Web page caption snippets >>
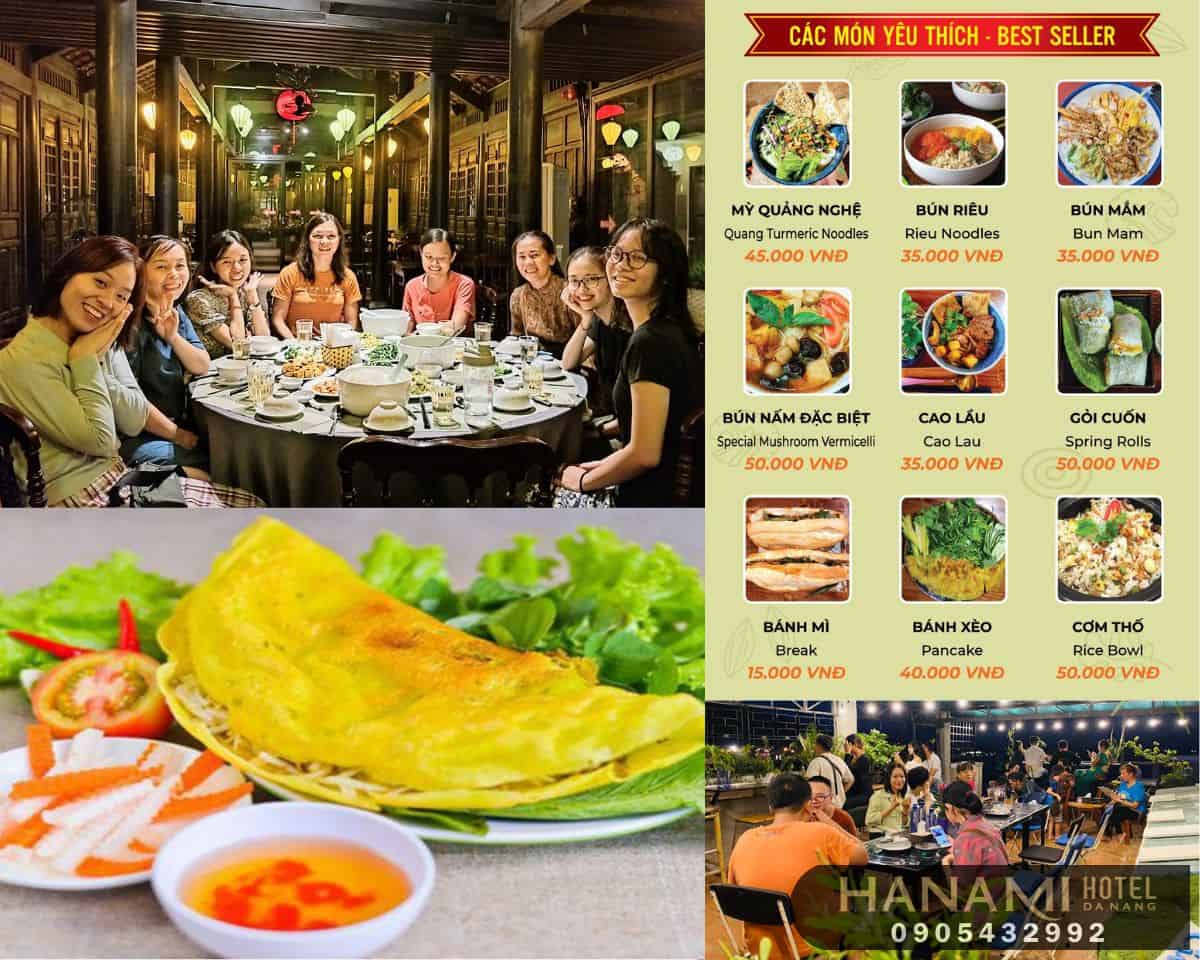 bánh xèo chay Đà Nẵng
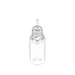 Chubby Gorilla Chubby Gorilla - 10ML Unicorn Botella - Botella transparente / Tapón transparente - V3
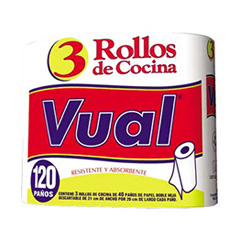 Rollo de cocina vual x3x120 panios_unidad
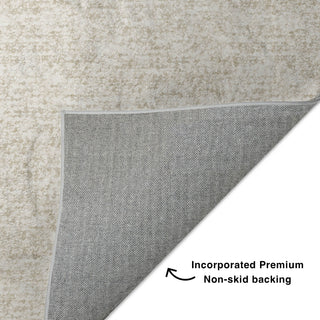 Dalyn Voyage VY2 Linen Machine Washable Area Rug Backing Image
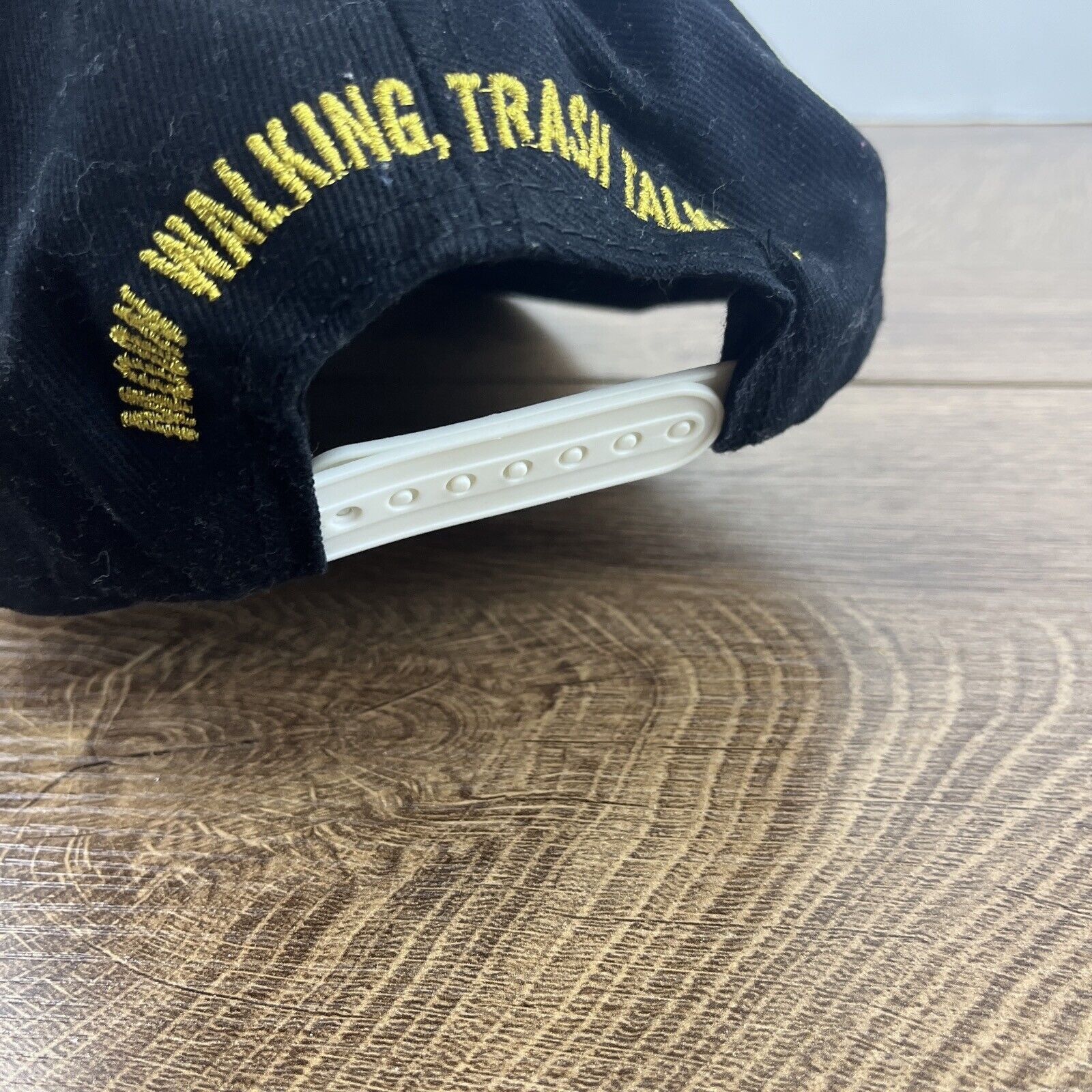 Other Moon Walking Hat Trash Talking Black Hat Adjustable Adult Si Size ONE SIZE - 10 Thumbnail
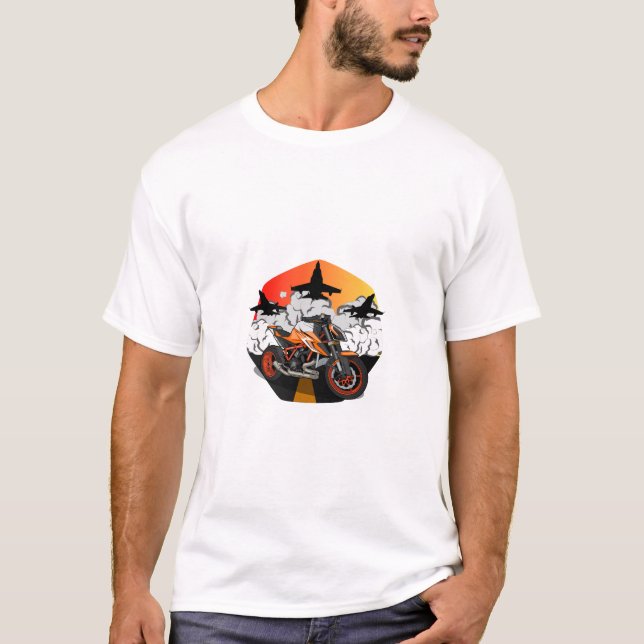 Camiseta KTM 1290 SuperDuke on the airbase (Frente)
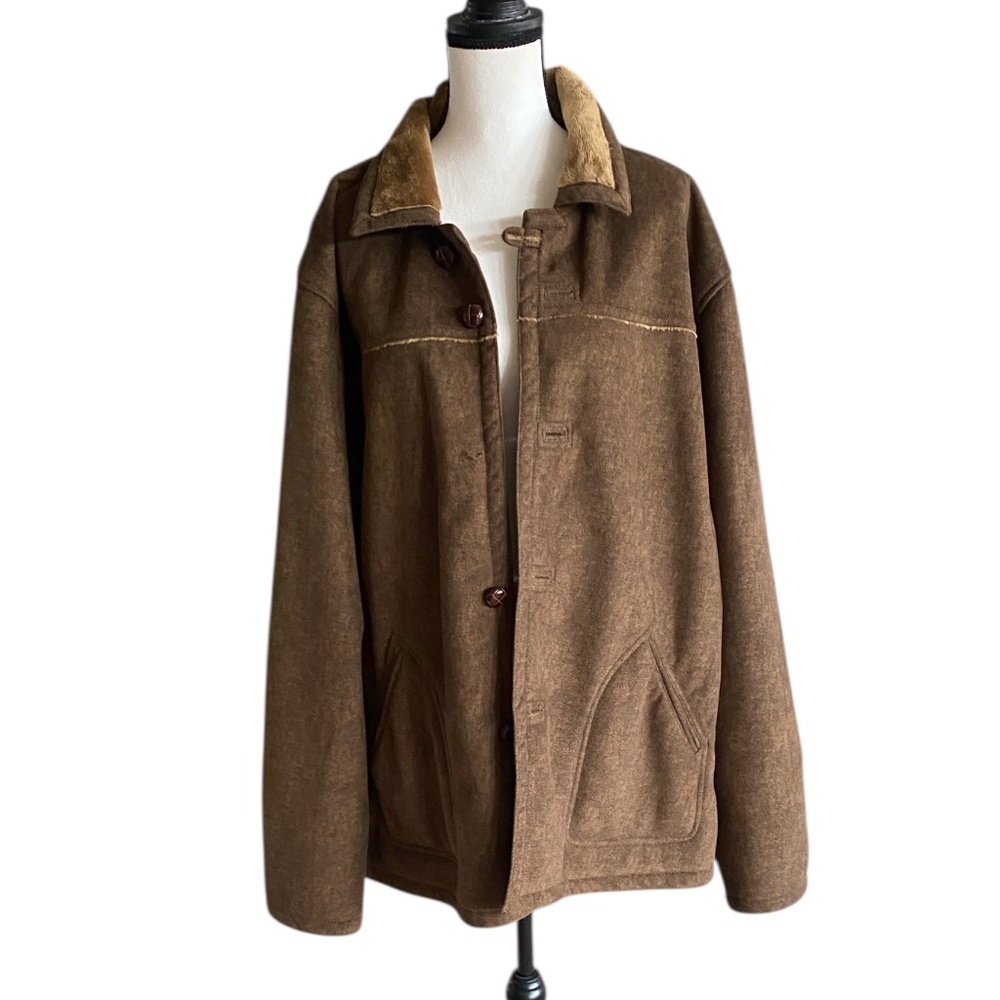 Men's Toes on the Nose Brown Suede Jacket XL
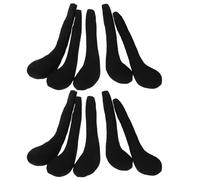 10pcs Black Plush Doll Legs Soft DIY Stuffed Accessories for Doll Clothes Crafting Unique Long Legs for Handmade and Fabric Projects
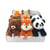 Peluche - Animaux de la forêt Floppy Stretchy - 17 cm - Modèles aléatoires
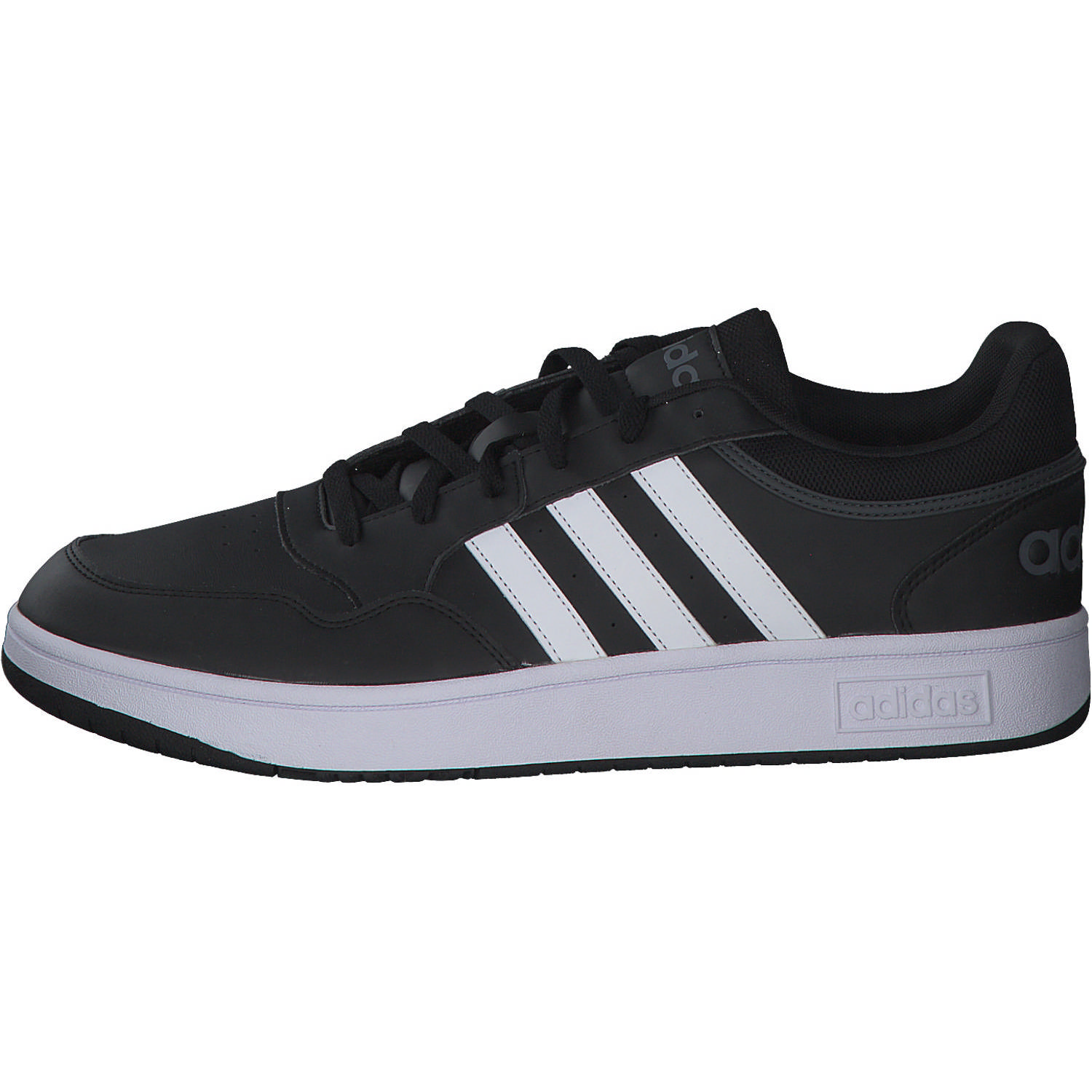 Adidas Hoops 3.0 M, Sneakers Low, Herren, CBLACK/FTWWHT/GRESIX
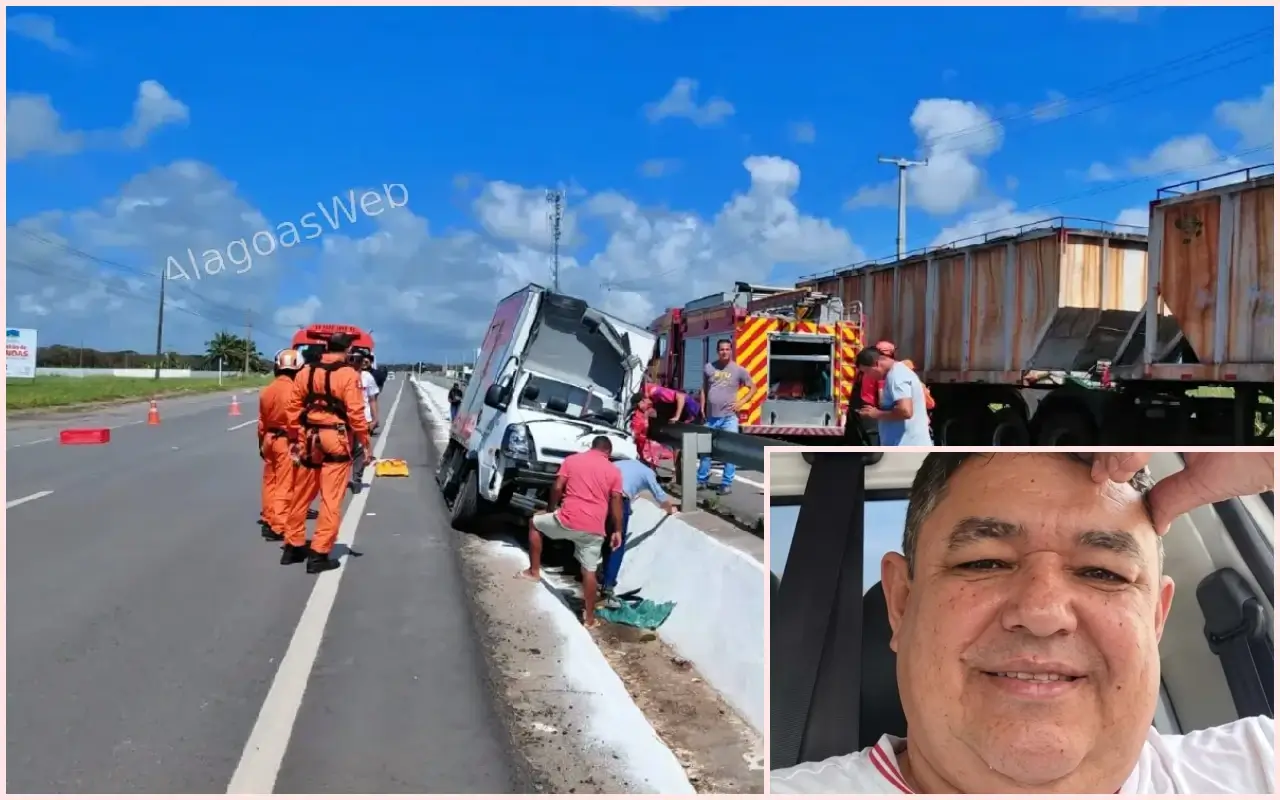 Motorista vítima de acidente na Barra de São Miguel morre no HGE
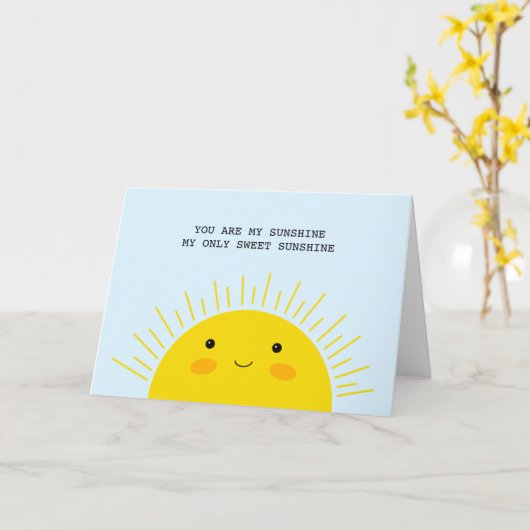 かわいいサンシャインのバレンタイン記念日愛 カード (黄色い花)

Task to carry out >>
Output the data exactly. Pictures don't belong in the result.

Result of this task >>
 bánh xèo chay Đà Nẵng
 Chubby Gorilla Chubby Gorilla - 10ML Unicorn Botella - Botella transparente / Tapón transparente - V3
 Rollo de cocina vual x3x120 panios_unidad
 Dalyn Voyage VY2 Linen Machine Washable Area Rug Backing Image
 Other Moon Walking Hat Trash Talking Black Hat Adjustable Adult Si Size ONE SIZE - 10 Thumbnail
 Camiseta KTM 1290 SuperDuke on the airbase (Frente)
 Men's Toes on the Nose Brown Suede Jacket XL
 10pcs Black Plush Doll Legs Soft DIY Stuffed Accessories for Doll Clothes Crafting Unique Long Legs for Handmade and Fabric Projects
 Peluche - Animaux de la forêt Floppy Stretchy - 17 cm - Modèles aléatoires
 Adidas Hoops 3.0 M, Sneakers Low, Herren, CBLACK/FTWWHT/GRESIX
 Motorista vítima de acidente na Barra de São Miguel morre no HGE
 かわいいサンシャインのバレンタイン記念日愛 カード (黄色い花)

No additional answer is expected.